Pemerintah telah mencanangkan program Perhutanan Sosial sejak 2016 yang bertujuan untuk memberdayakan masyarakat dalam pengelolaan hutan dengan tetap berpedoman pada aspek kelestarian. Pendekatan ini diharapkan dapat meningkatkan kesejahteraan masyarakat sekaligus menjamin kelestarian ekosistem hutan dalam berbagai skema yang tersedia, mulai dari Hutan Kemasyarakatan, Hutan Desa, Hutan Tanaman Rakyat, hingga Hutan Adat.
Di Maluku Utara, Kementerian Lingkungan Hidup dan Kehutanan telah mengalokasikan kawasan hutan negara seluas 68.000 hektare sebagai area perhutanan sosial dan menjamin proses perizinan menjadi lebih mudah dibandingkan sebelumnya. Hal ini membuktikan bahwa pengelolaan sumber daya alam (SDA) berbasis masyarakat merupakan salah satu pendekatan yang efektif dalam konservasi keragaman hayati.
Untuk memahami lebih jauh mengenai hal tersebut, Program Kemitraan Wallacea menyelenggarakan lokakarya Percepatan Perhutanan Sosial di Ternate, Maluku Utara, 28 Agustus 2017. Jalannya lokakarya difasilitasi oleh Aliansi Masyarakat Adat Nusantara (AMAN) Maluku Utara, bekerja sama dengan Forum Komunikasi Kehutanan Masyarakat (FKKM) yang didukung oleh Burung Indonesia dan Critical Ecosystem Partnership Fund (CEPF).
Selain di Maluku Utara, beberapa mitra program di Pulau Alor dan Flores Timur, Nusa Tenggara Timur, telah menerapkan strategi Hutan Kemasyarakatan untuk merehabilitasi kawasan hutan bekas perambahan. Sementara di Kabupaten Bantaeng, Sulawesi Selatan, mitra menjadikan program Hutan Desa sebagai sarana untuk melindungi layanan alam (ecosystem services) dari ekosistem setempat.
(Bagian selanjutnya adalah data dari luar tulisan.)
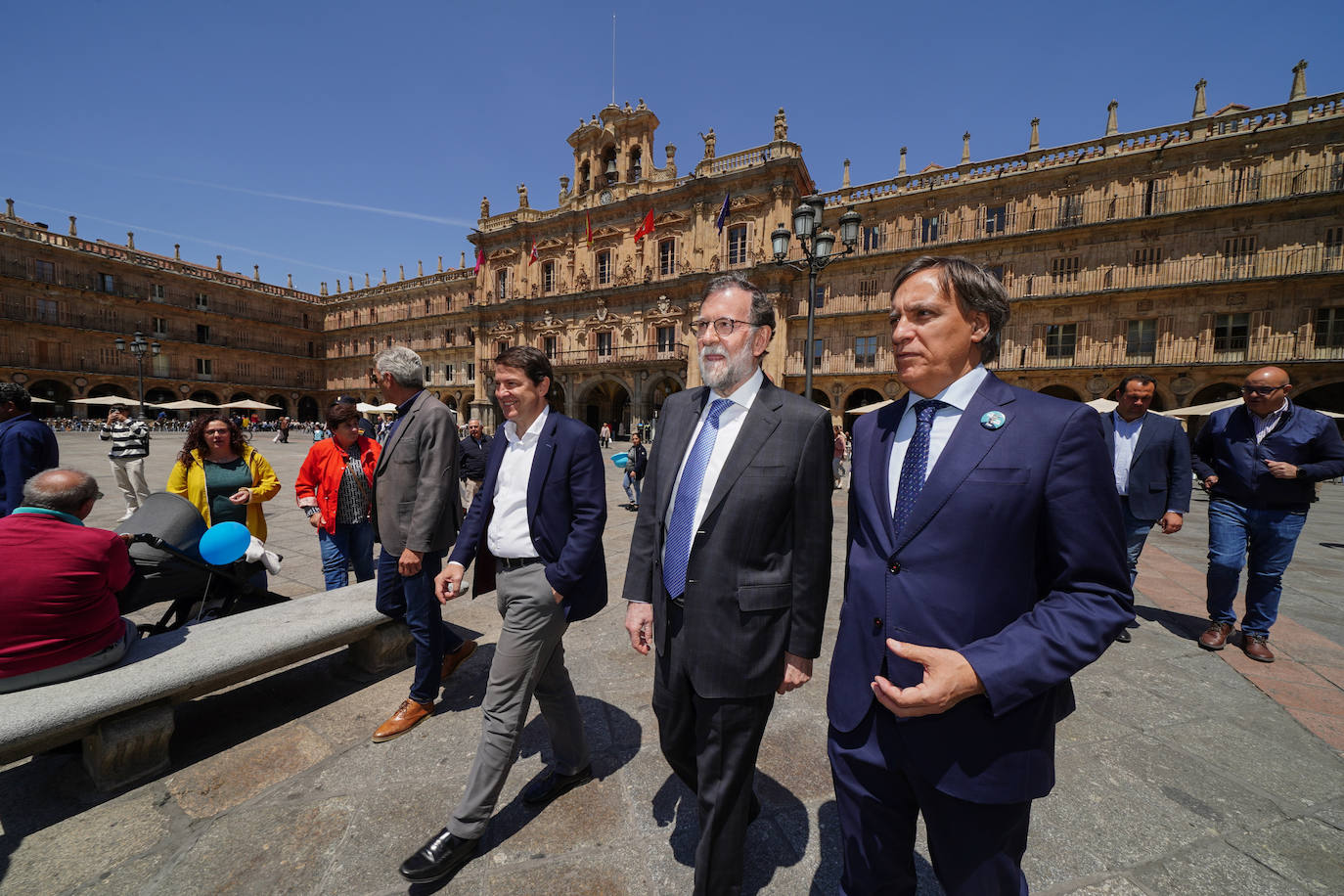 Mariano Rajoy se da un baño de masas en Salamanca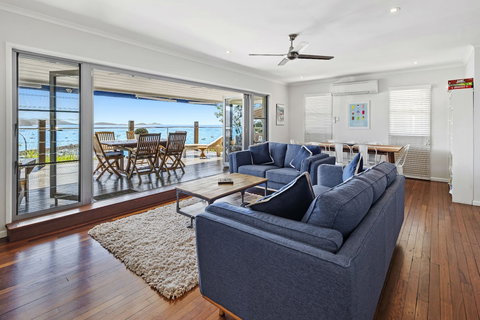 A Point Of View Airlie Beach - Events Australia 6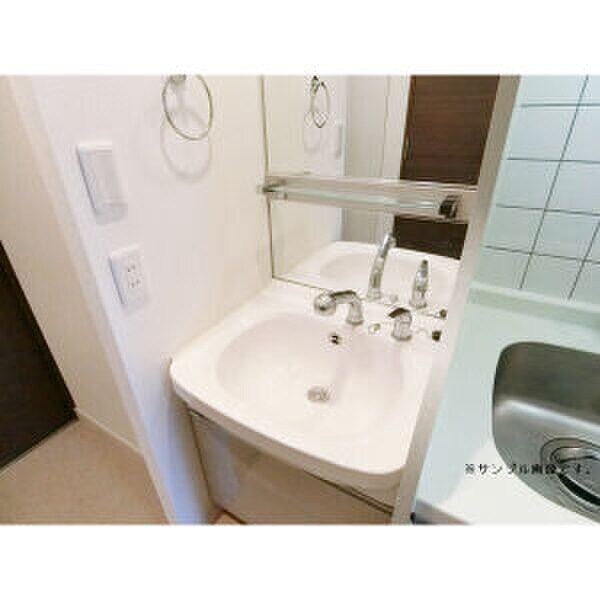 物件内観写真10　(洗面)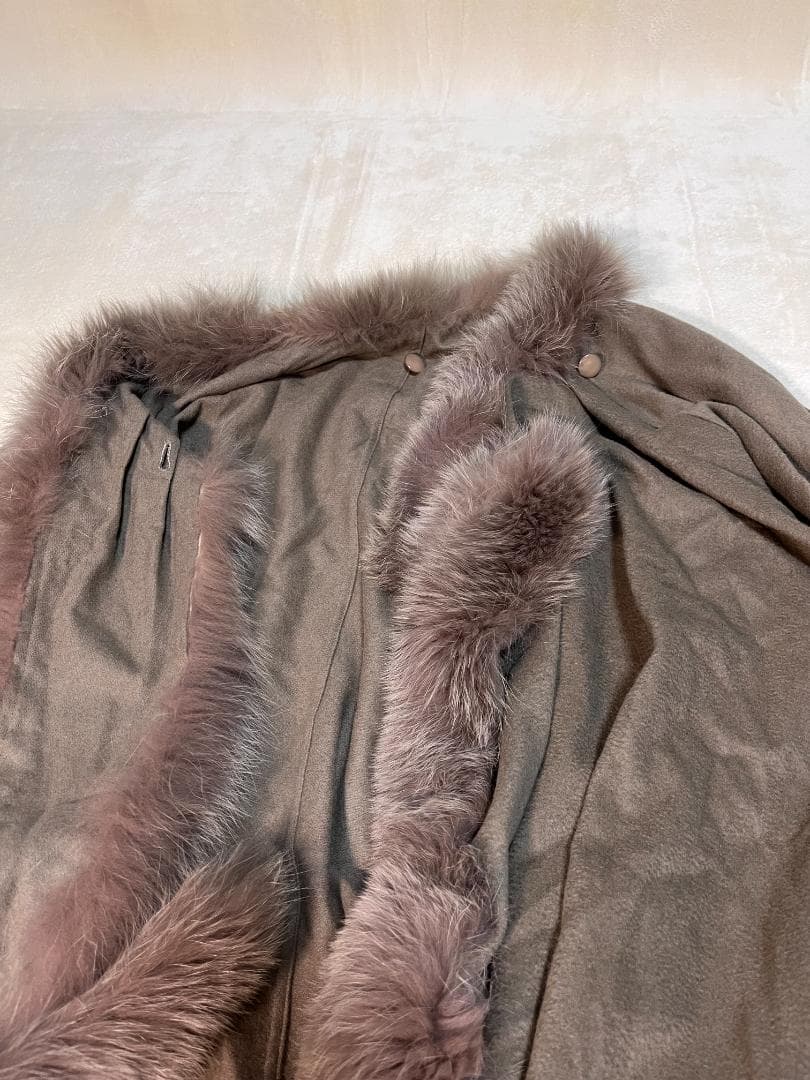 は*な様 ファー付ケープ ポンチョ カシミヤ ミンク アンゴラ カーキブラウン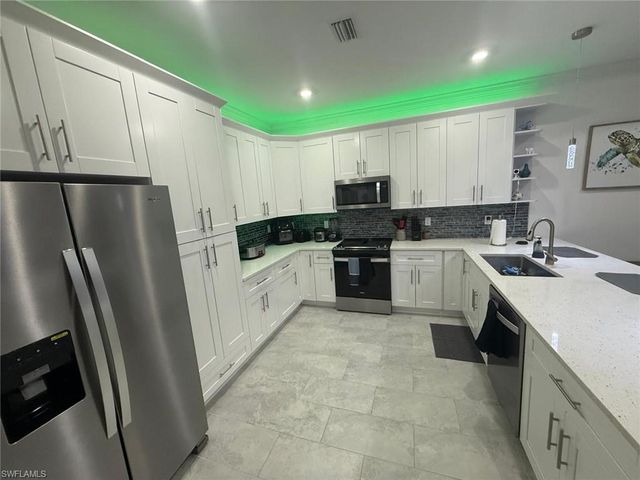 134 Francis AVE, Fort Myers, FL 33916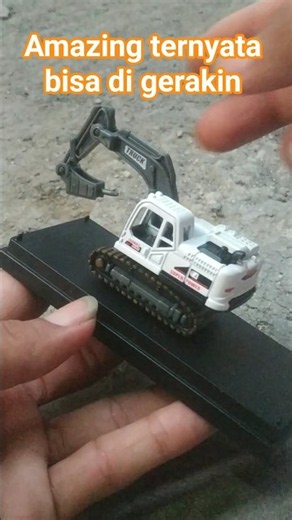 ternyata bisa gerak dan di mainkan #toys #excavator #model #miniature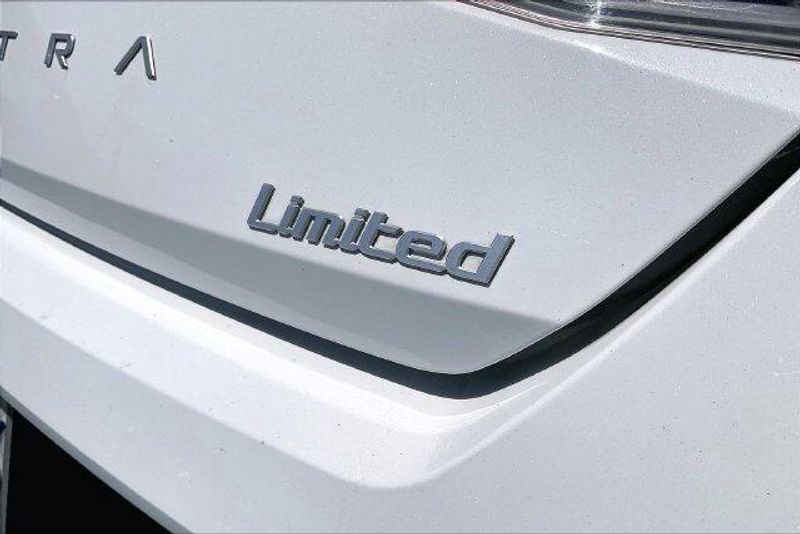 Used 2024 Hyundai Elantra LimitedImage 7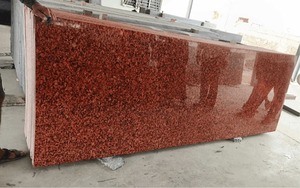Dalles de granit rouge brillant de bonne qualité avec surface en pierre polie et lisse pour usage résidentiel, disponibles à la vente - Product Image 2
Program-program yang dijalankan para mitra sejalan dengan tujuan program Perhutanan Sosial, khususnya pada Arahan Strategis 3 Program Kemitraan Wallacea, yakni Pengelolaan Sumber Daya Alam Berbasis Masyarakat. Pada arahan strategis ini, program memfasilitasi masyarakat untuk mengidentifikasi dan memetakan sumber daya hayati di wilayahnya, kemudian menyusun rencana pengelolaan, dan selanjutnya mendapatkan pengakuan dan dukungan dari para pihak baik pemerintah maupun pemangku kepentingan yang lain.
Warga berdiskusi di area kerja Hutan Kemasyarakatan di Flores Timur (Foto: Conservation International/Aulia Erlangga)
Perhutanan Sosial dengan berbagai harapan yang menyertainya adalah program yang strategis untuk mencapai tujuan konservasi maupun penghidupan yang berkelanjutan. Di sisi lain, terdapat risiko penyalahgunaan yang dapat menyebabkan kerusakan ekosistem hutan, yang pada akhirnya dapat menghilangkan kepercayaan banyak pihak bahwa masyarakat mampu mengelola hutan secara lestari. Untuk itu, proses pelaksanaannya perlu dilakukan secara bertahap dan berhati-hati agar dapat membangun model pembelajaran yang dapat direplikasi di lokasi-lokasi baru nantinya.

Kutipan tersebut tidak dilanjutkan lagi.